Documentation should have a "Requirements" page

[jvanasco]

Under Subscriber Information there should be a "Requirements" page that lists things such as:

• TLS v1.2 is required for inbound connections (Client API Requests) and outbound connections (Validation).

and any other requirements. This information is currently only available in the API Announcements section of the forum

[bdaehlie]

I'm not sure I understand how this would be helpful for many folks. For example - how many people really need to be told that TLS 1.2 is required?

Also, I feel like this might get messy in terms of what's required for different ways one might want to interact with us (e.g. challenge choice).

What other kinds of requirements did you have in mind?

[jvanasco]

I'm not sure I understand how this would be helpful for many folks.

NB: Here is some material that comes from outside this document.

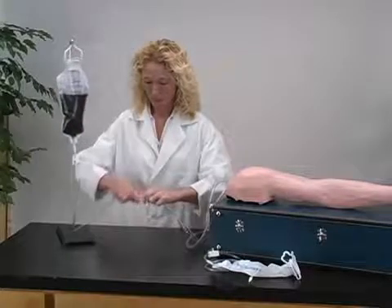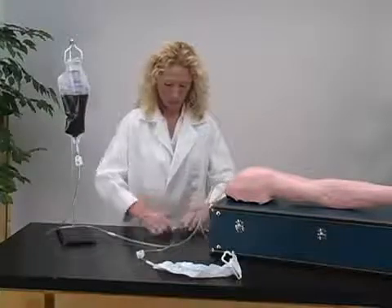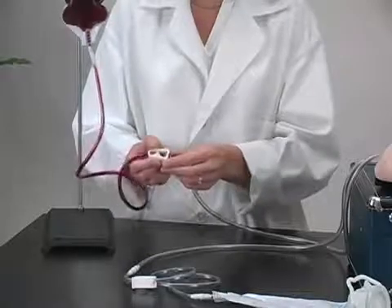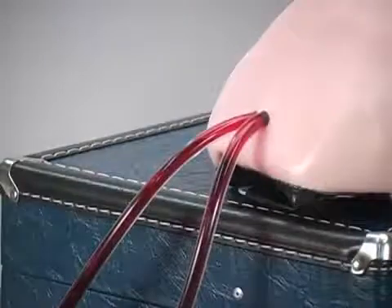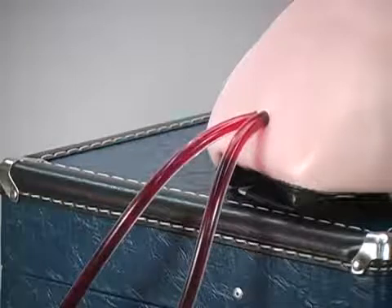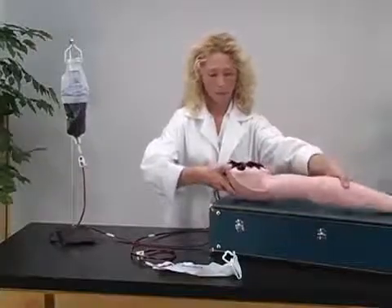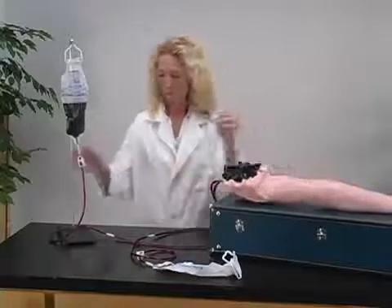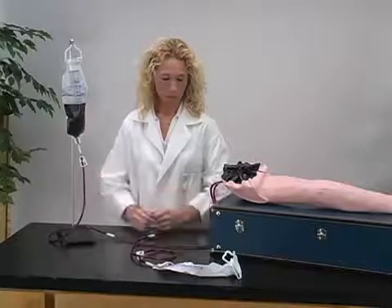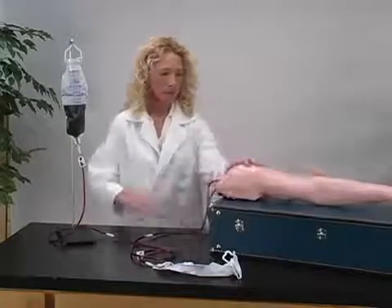Attach the arm tube to the top IV bag, and attach the other arm tube to the bottom IV bag. Now loosen the clamp on the top bag and blood will begin to flow through the arm. Once the air bubbles stop appearing, close the tube again. Turn the arm over and release the clamp. Once the air bubbles have stopped, close the top clamp. Your IV arm is now fully pressurized and ready for training.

For example - how many people really need to be told that TLS 1.2 is required?

Today, not many. When the previous TLS deprecations happened, the forum was consistently filled with posts that were due to unsupported TLS versions. This will likely happen again.

Other potential requirements OTOH:

• reiterating the target domain for the challenge is globally available
• the acme server's root certificate
• listing the required private key support (type, size/curve)

The last two sound silly, but based on prior forum activity a significant number of users simply do not have automatic updates turned on, do not perform routine maintenance, and issues were often due to outdated packages or systems. Hopefully, the adoption of snap by Certbot will prevent many of this issues in the future.

I know it doesn't seem like much a few years into the last deprecations, but 1.2 and 1.3 will eventually be deprecated and this cycle will repeat. The endpoint's trusted root will also eventually shift.